Jan Wójcik
Rok temu wyłączono oświetlenie katedry w Kolonii, sprzeciwiając się protestom PEGIDy wobec narastającej imigracji do Niemiec.
Rok temu jednak jeszcze nie mówiono o kryzysie imigracyjnym. Rok temu niemieckie media masowo atakowały ruch niezadowolonych z islamizacji Europy, nawet nie przedstawiając ich postulatów.
Ponury obraz ciemnej kolońskiej katedry miał symbolizować protest przeciwko nietolerancji, a może stać się symbolem początków nowej epoki barbarzyństwa.
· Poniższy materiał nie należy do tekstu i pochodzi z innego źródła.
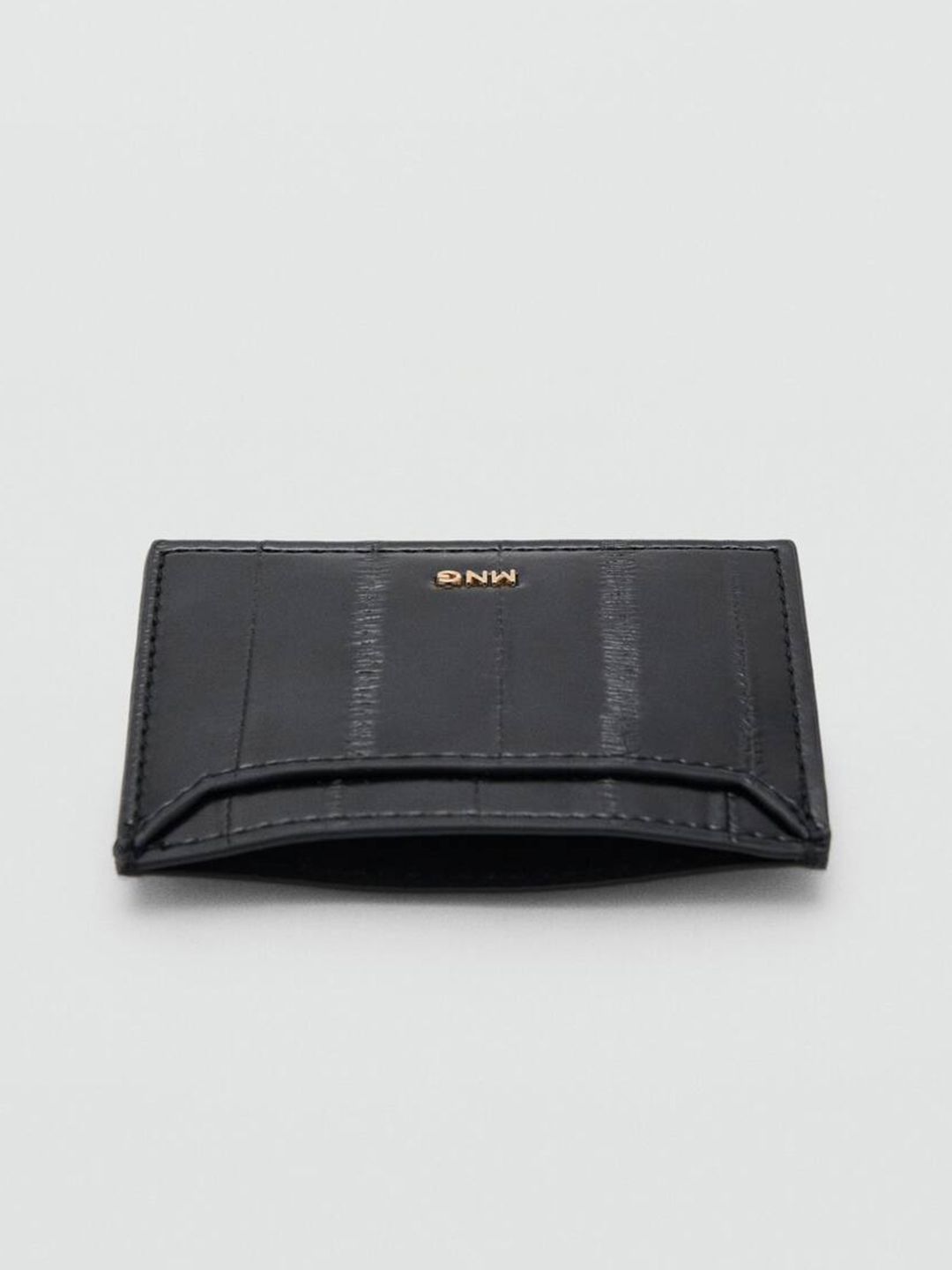 Striped Textured Card Holder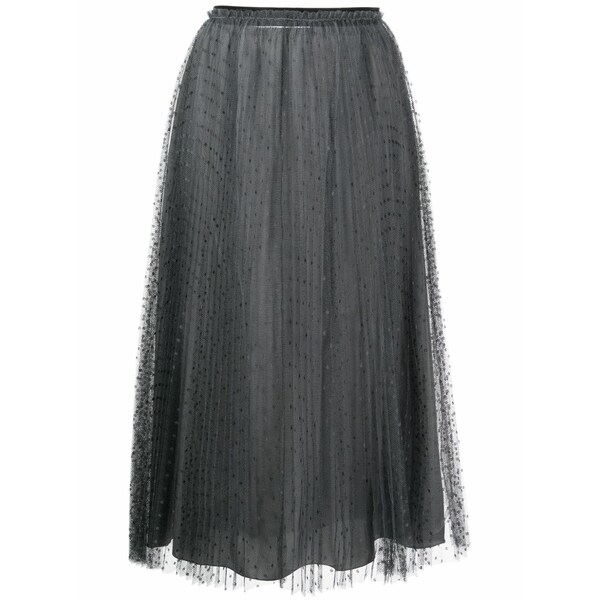 レッドヴァレンティノ レディース スコート ボトムス Point d\u0027esprit MIDI skirt Grey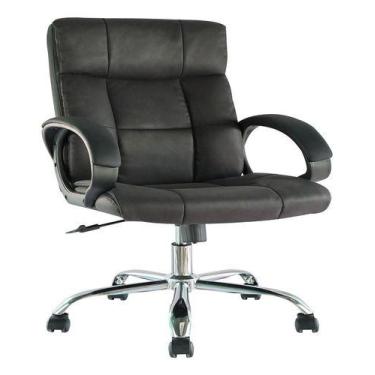 Imagem de Cadeira Escritorio Veludo Black Ergonomic Soft Ate 120kg - BRAZIL HOME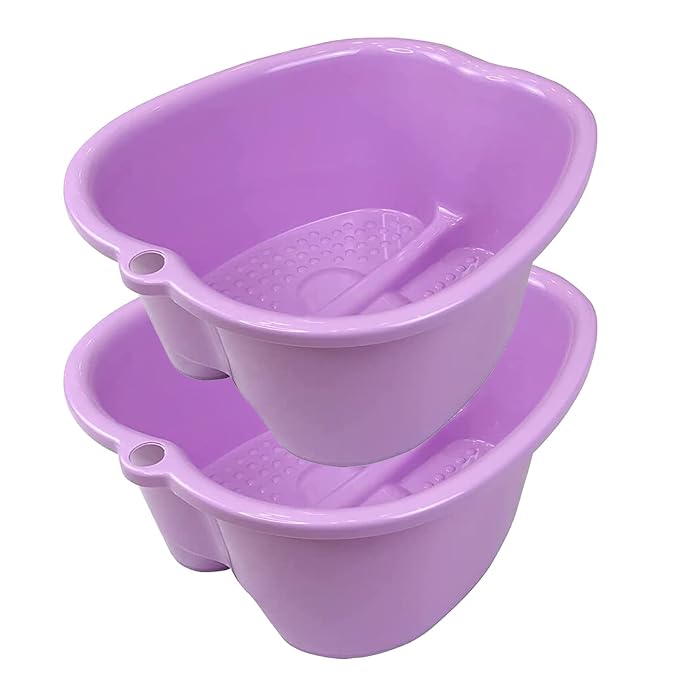 Foot Soaking Bath Basin, Large Size Feet Massager Tub, At Home Spa Pedicure by HOMELEX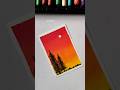 Easy Sunset Drawing #oilpastel #artshorts #oilpastelpainting #easypainting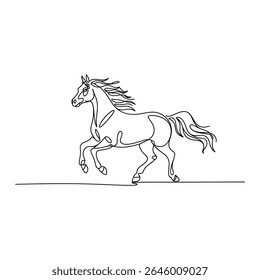 fox bird horse butterfly single line art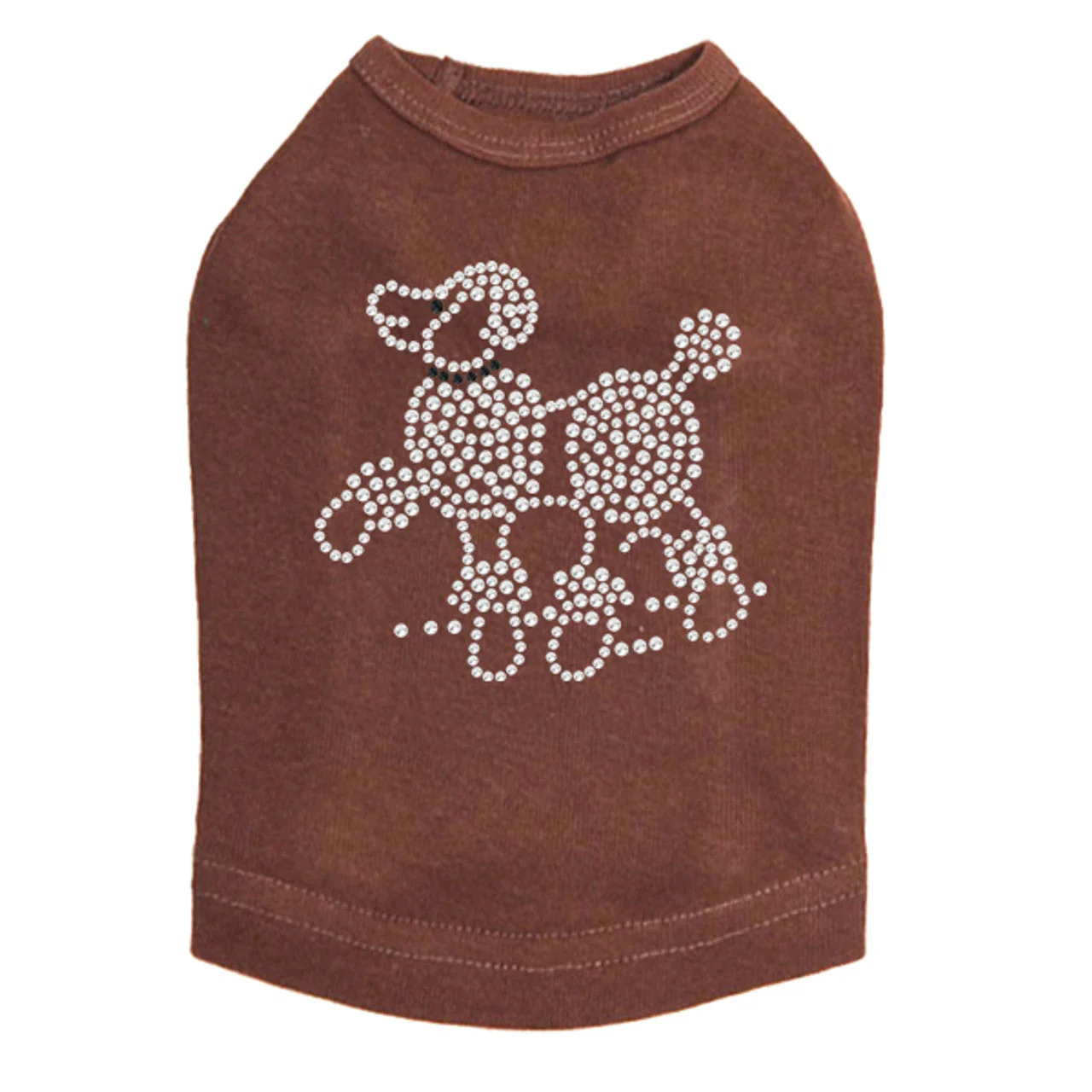 Poodle (Rhinestones) - Dog Tank - Image 12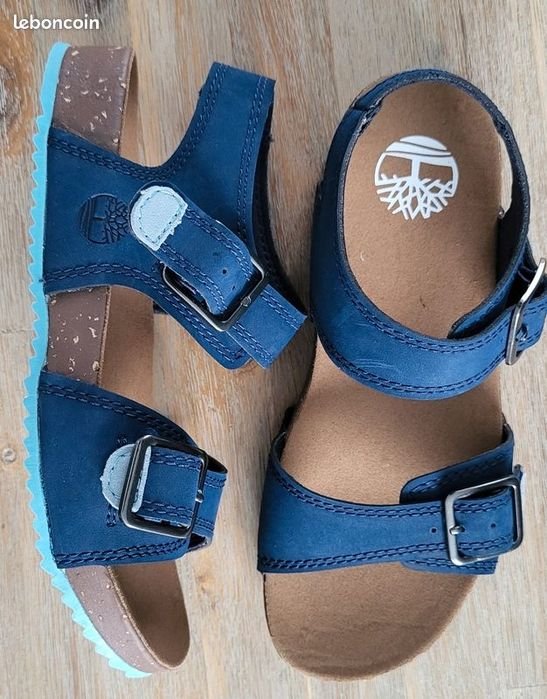 Женские Timberland Сандали Тёмно-синий Замша 37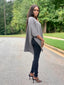 Poncho Sleeve Shirt | Charcoal - FINAL SALE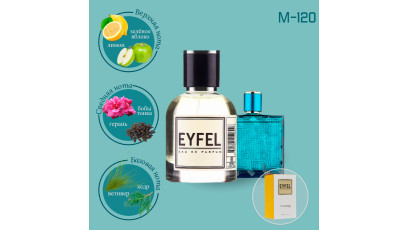 Eyfel M-120 аналог Versace Eros духи мужские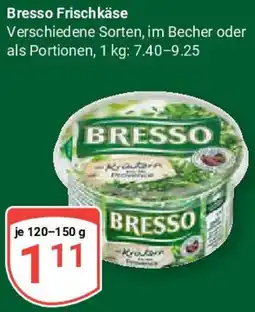 Globus Bresso Frischkäse Angebot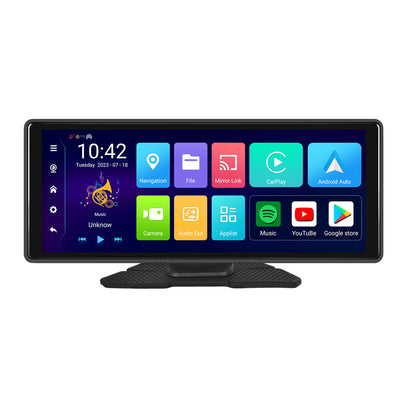 10.26inch Bluetooth Car Navigation Carplay Wireless Car Radio Recorder AHD Camera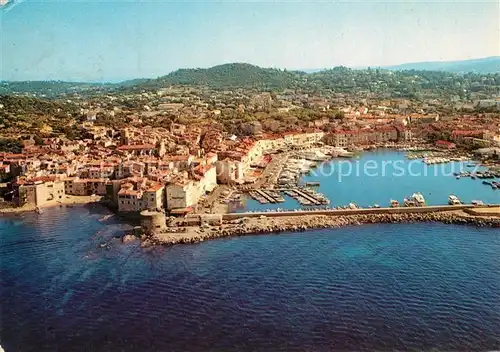 AK / Ansichtskarte Saint_Tropez_Var Fliegeraufnahme Saint_Tropez_Var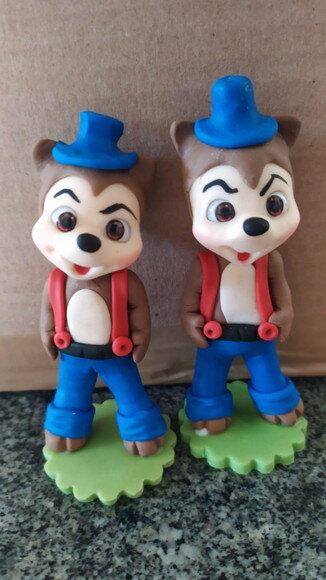 Lembrancinha Lobo Mal da Chapeuzinho Vermelho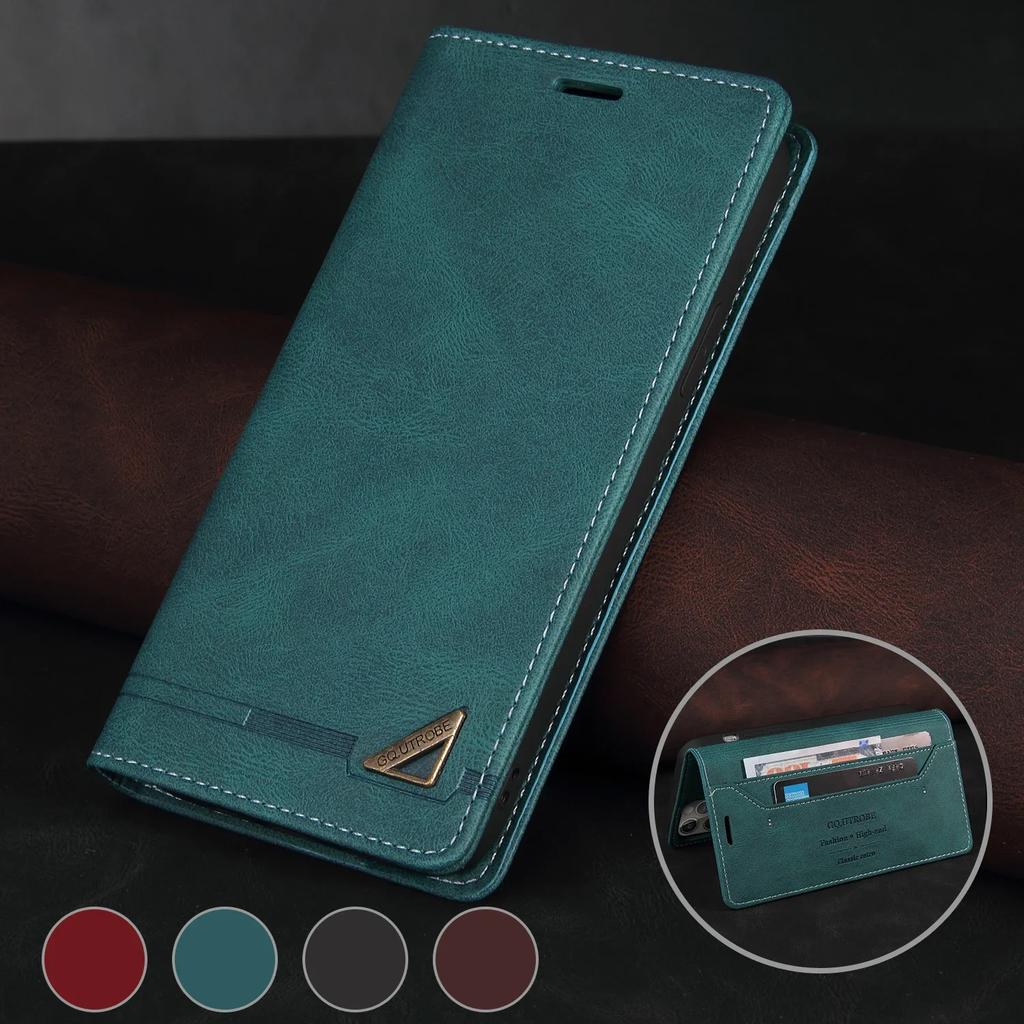 Anti-theft Luxury Leather Wallet Case For Huawei P20 Pro P30 Lite P40 Lite E Y5P Y6P Y7P P Smart Z 2019 2020 2021 Phone Cover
Sylwestrowe ataki dziczy w Kolonii, Hamburgu i Stuttgarcie przypominają plemienne wojny, w których chodzi o rozsianie swojego nasienia, poniżenie kobiet i mężczyzn, zniszczenie tkanki społecznej przeciwnika. To nie atak na osoby, a na całą społeczność.
Wobec tego ataku Niemcy zdają się być bezbronni.
Nikt nawet symbolicznie nie zgasi teraz świateł. Media, które polowały na najmniejsze potknięcia PEGIDy, z obawy przed odwetem tuszowały przez kilka dni sprawę masowych ataków seksualnych na niemieckie kobiety. Dyskusja o tym dopiero się zaczyna. Ważniejsza jest jednak poprawność polityczna, niż los ofiar. Henriette Reker, burmistrz Kolonii, udzieliła porad kobietom, z których wynikało, że to one mają dostosować się do obecności imigrantów, a wiele osób odebrało to jako przypisywanie ofiarom winy za napaści i gwałty.
W październiku 2015 roku Reker, wtedy jeszcze kandydatka, została ugodzona nożem przez przeciwnika imigracji. Po sylwestrowych „zabawach” imigrantów możemy spodziewać się, że w coraz większej liczbie domów kipi gniew. Prawdopodobnie im więcej takich zdarzeń, im więcej prób ich tuszowania, im więcej nieprzemyślanych wypowiedzi, z tym większą siłą ta tłumiona frustracja wybuchnie.